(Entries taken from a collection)
============================================================

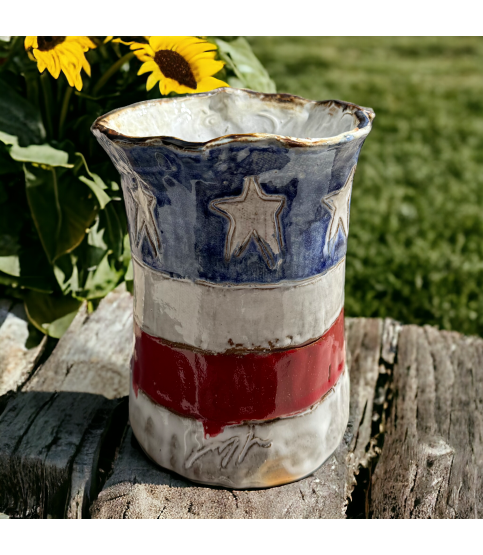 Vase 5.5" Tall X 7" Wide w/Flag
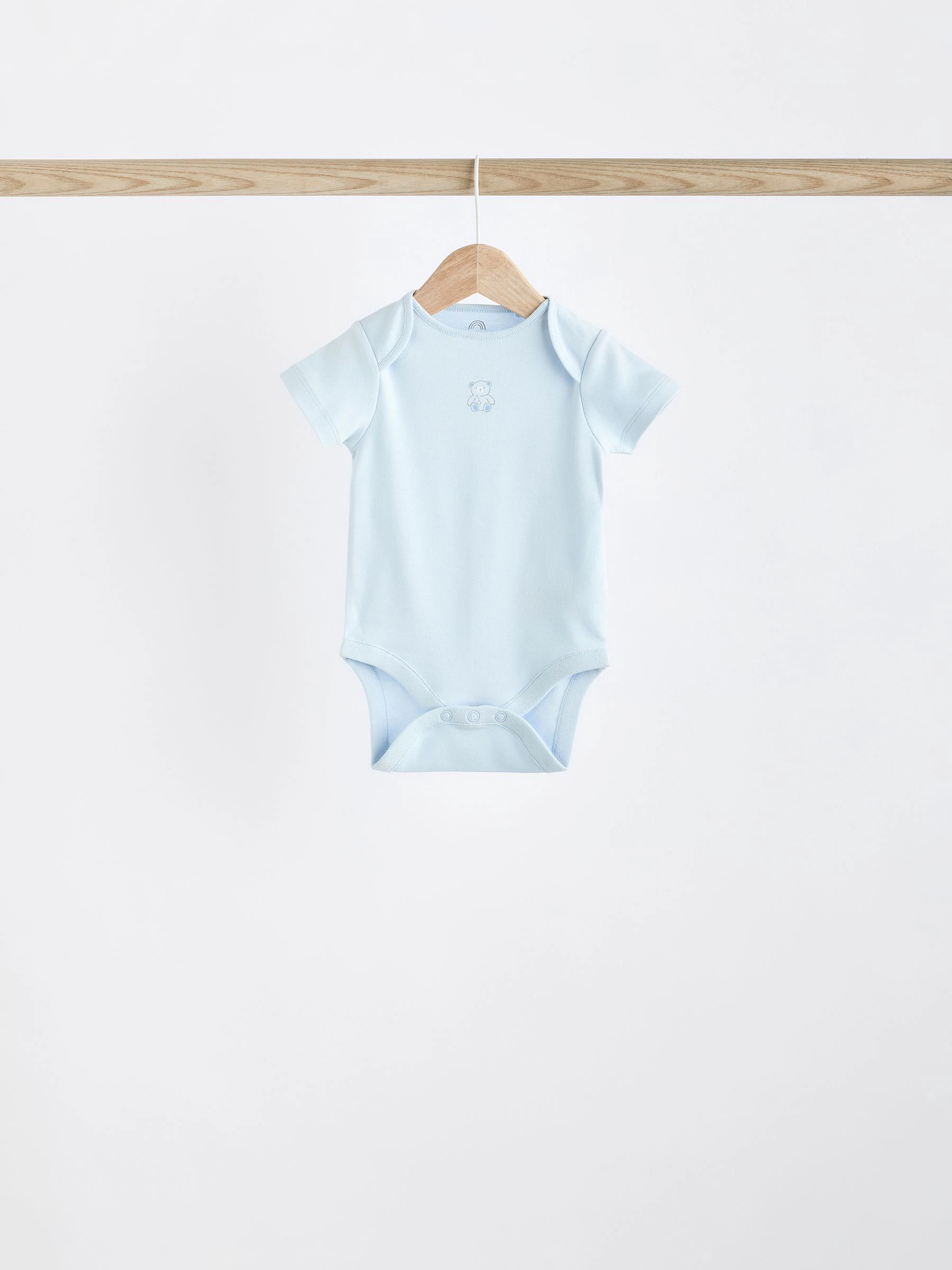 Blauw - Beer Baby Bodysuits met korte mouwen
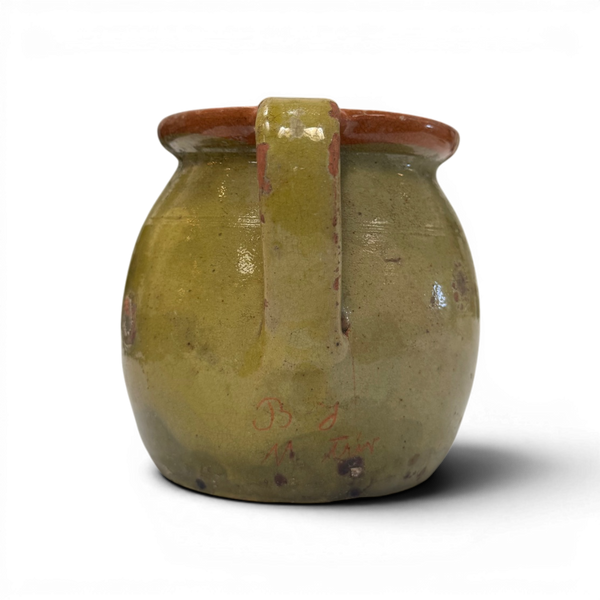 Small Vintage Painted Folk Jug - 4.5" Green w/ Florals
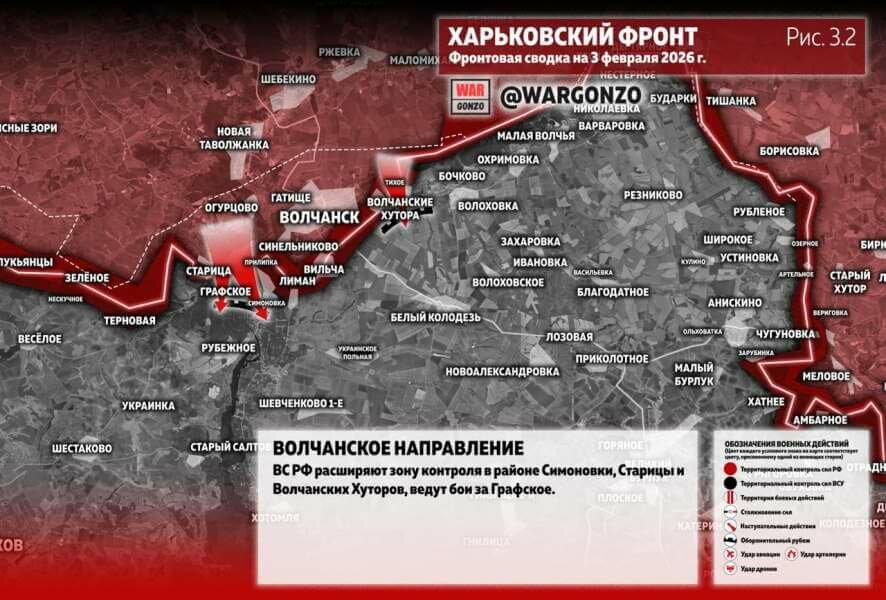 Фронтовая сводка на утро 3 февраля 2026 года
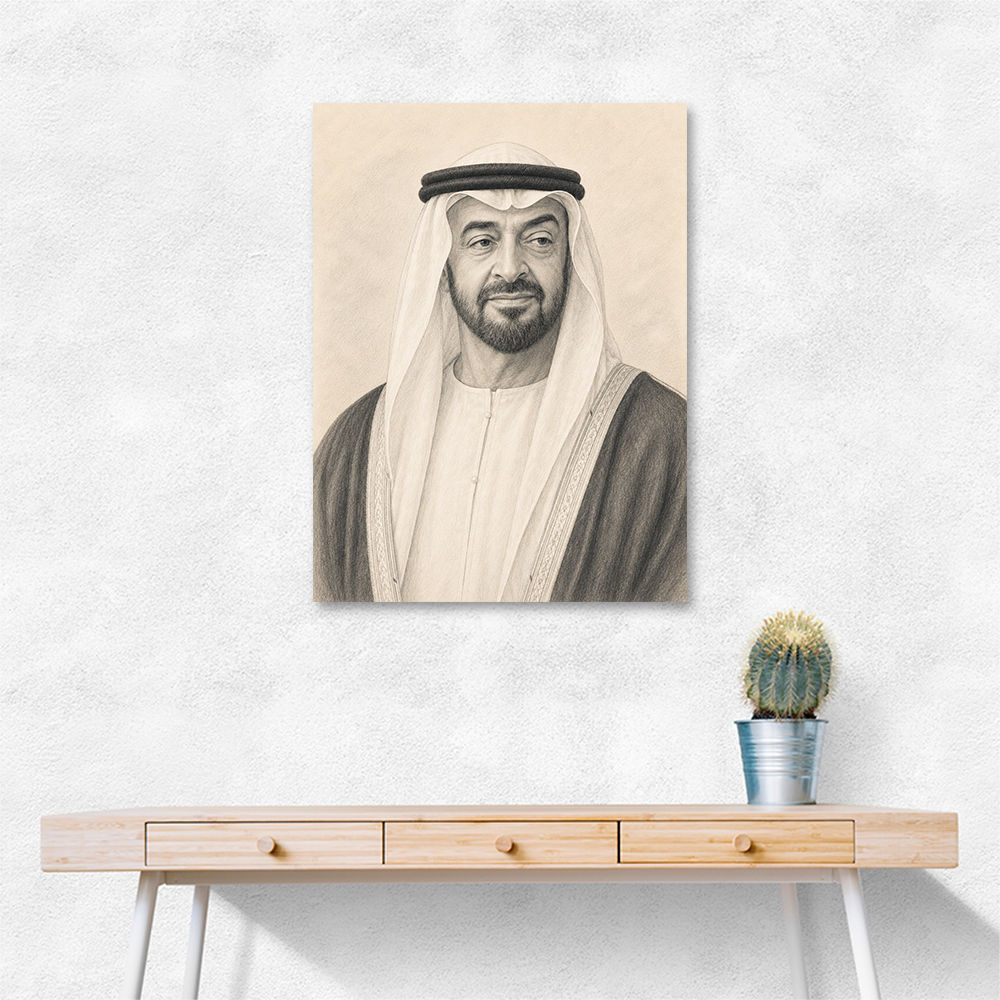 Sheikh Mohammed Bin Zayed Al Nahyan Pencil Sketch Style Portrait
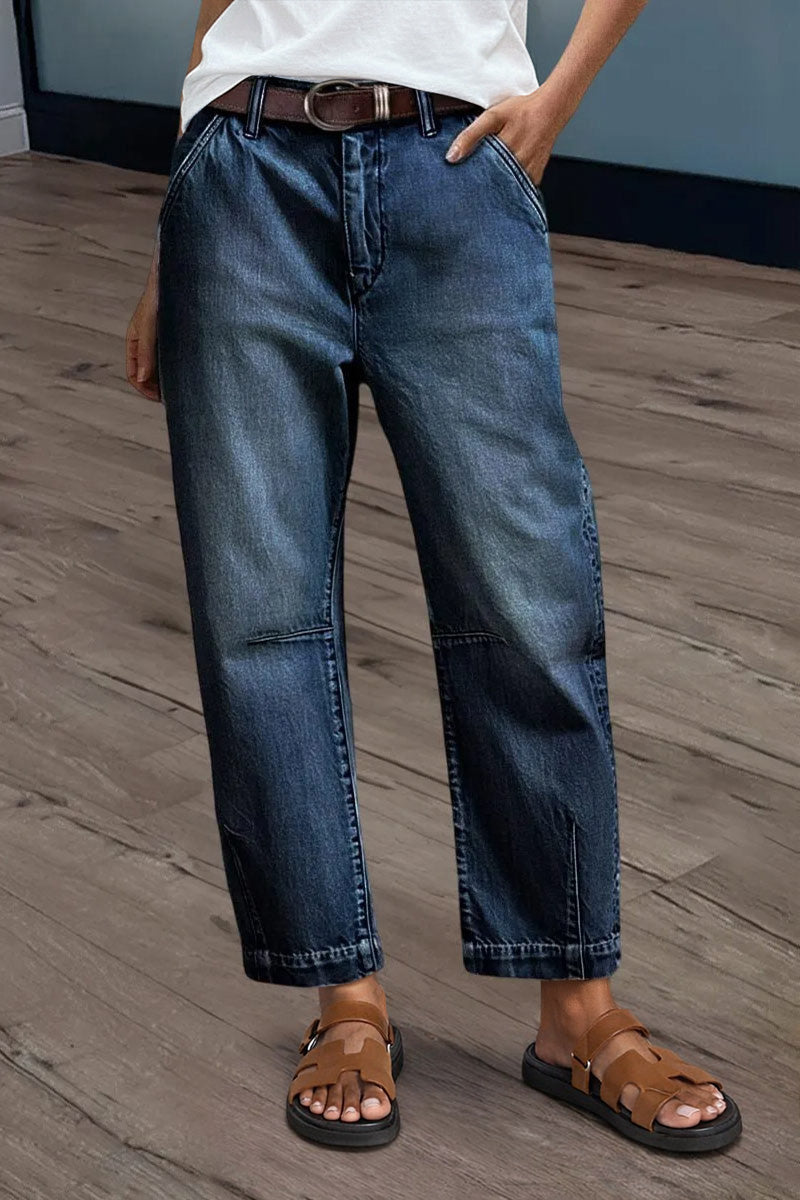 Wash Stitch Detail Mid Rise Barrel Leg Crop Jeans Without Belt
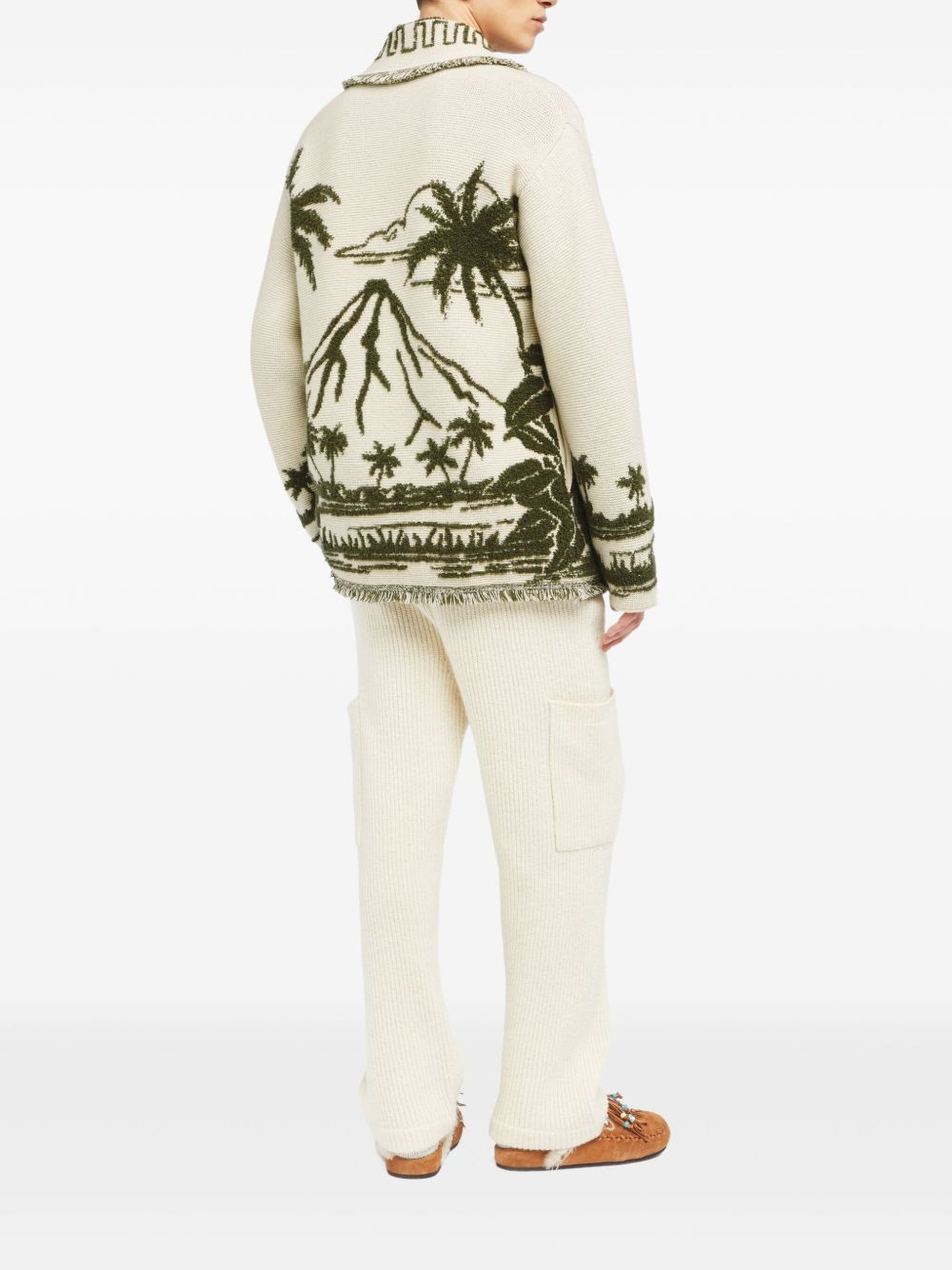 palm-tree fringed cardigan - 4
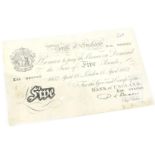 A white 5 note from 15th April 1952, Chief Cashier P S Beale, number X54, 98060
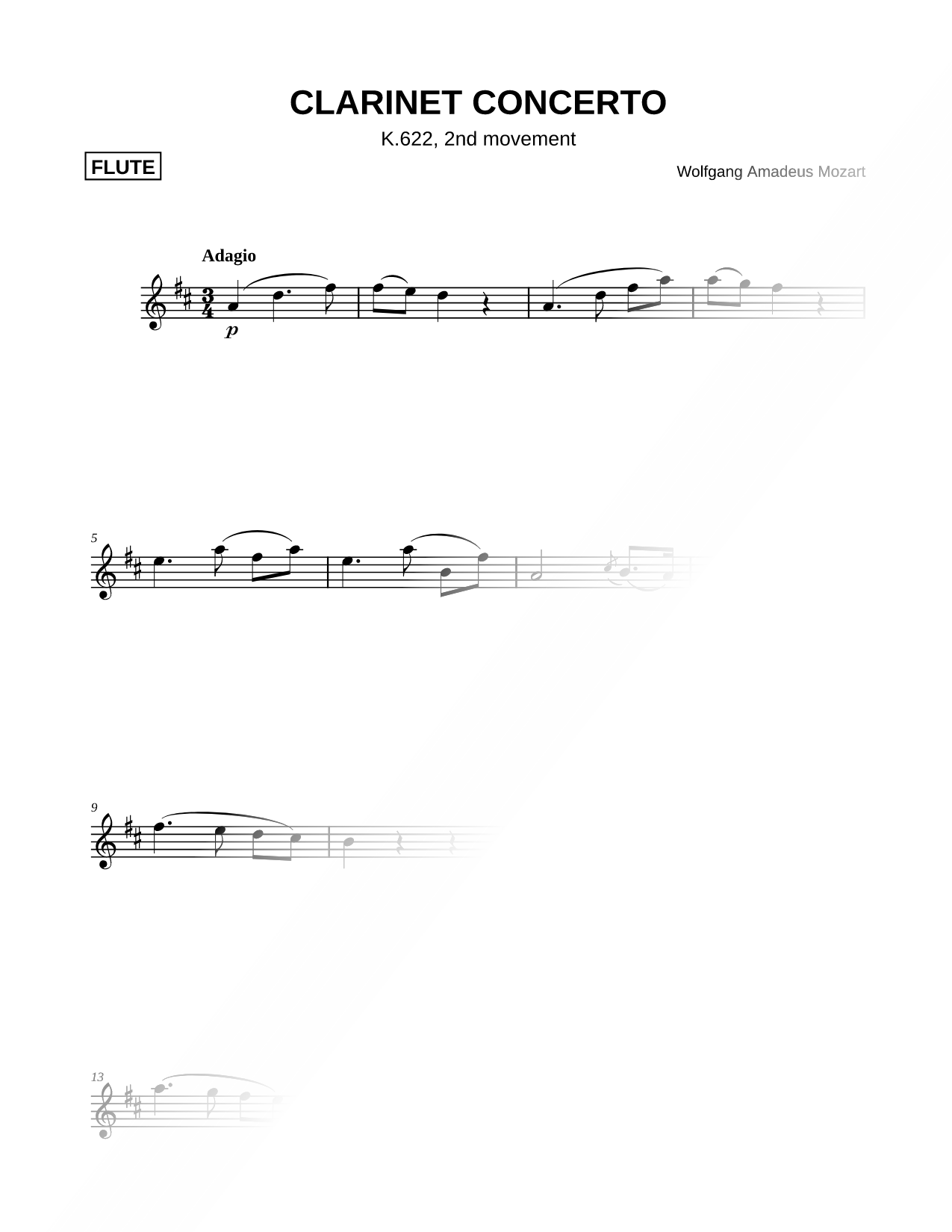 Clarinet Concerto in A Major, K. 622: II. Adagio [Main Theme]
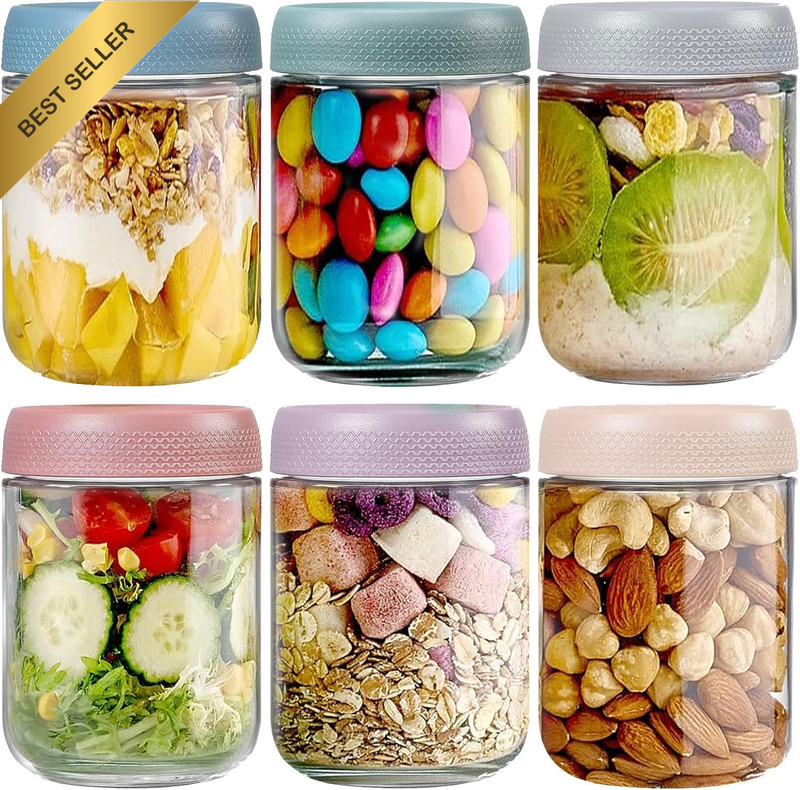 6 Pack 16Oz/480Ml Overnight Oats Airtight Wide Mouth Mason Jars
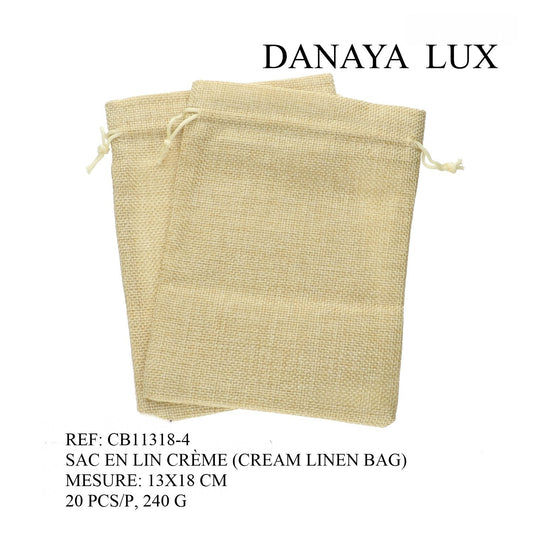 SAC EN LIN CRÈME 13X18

============================================================

• [TASK GOAL]: Every line of the data should be transcribed exactly. Omit the images.

• [EXERCISE RESULT]:
 Vase 5.5" Tall X 7" Wide w/Flag
 Blauw - Beer Baby Bodysuits met korte mouwen
 Small Vintage Painted Folk Jug - 4.5" Green w/ Florals
 Фронтовая сводка на утро 3 февраля 2026 года
 Sheikh Mohammed Bin Zayed Al Nahyan Pencil Sketch Style Portrait
 Wash Stitch Detail Mid Rise Barrel Leg Crop Jeans Without Belt
 palm-tree fringed cardigan - 4
 A white 5 note from 15th April 1952, Chief Cashier P S Beale, number X54, 98060
 Clarinet Concerto in A Major, K. 622: II. Adagio [Main Theme]
 6 Pack 16Oz/480Ml Overnight Oats Airtight Wide Mouth Mason Jars
 SAC EN LIN CRÈME 13X18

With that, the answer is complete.